◆ TASK DIRECTIONS
Only the lines from the one with "Condo in Hialeah, Florida, 1" to the end of the listing below should be set down, exactly as written and without any pictures.

◆ COLLECTED MATERIAL
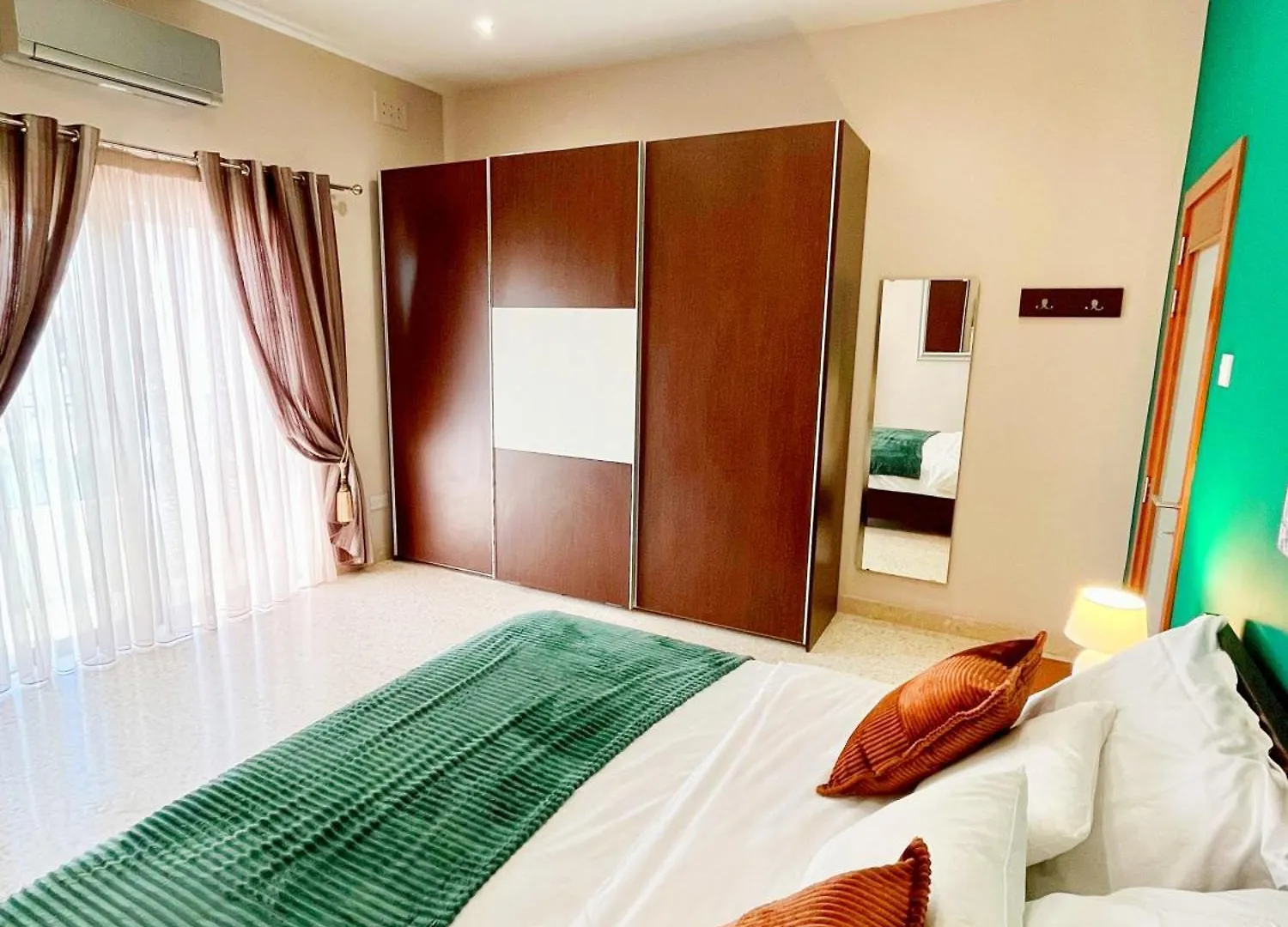 Vittoriosa Seafront Highly Furnished Apartment Fl 4 0*, Birgu Malta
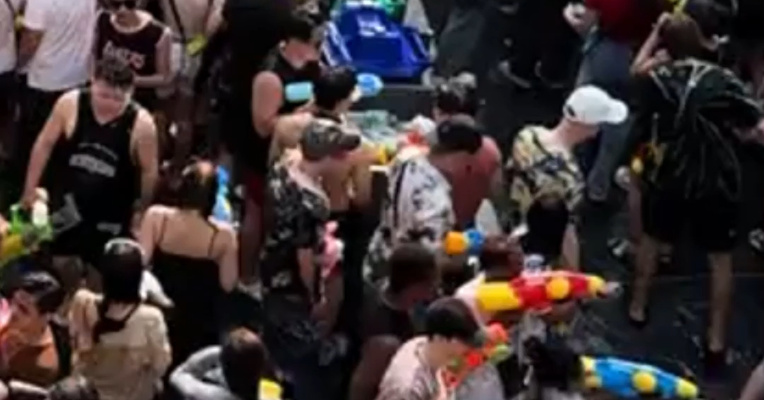 泰国泼水节7天发生1242起交通事故，已致242人死亡，1200人受伤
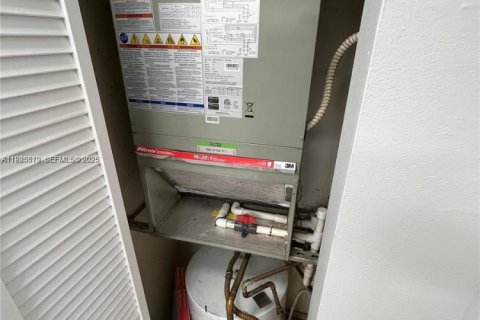 Condo in Hialeah, Florida, 1 bedroom  № 1984030 - photo 23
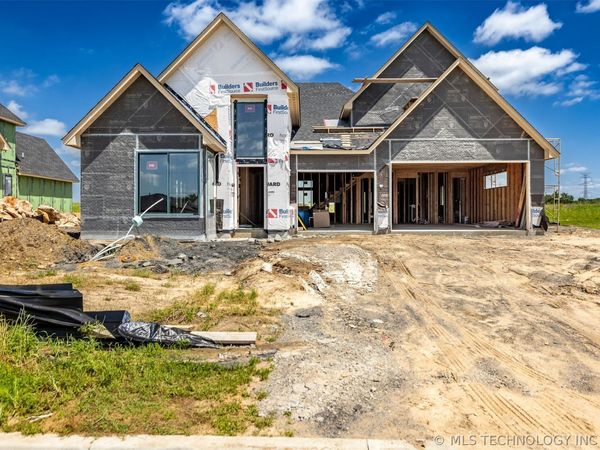 2701 E 134th Circle S, Jenks, OK 74008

◆ REPLY TO THE EXERCISE
 Condo in Hialeah, Florida, 1 bedroom  № 1984030 - photo 23
 2701 E 134th Circle S, Jenks, OK 74008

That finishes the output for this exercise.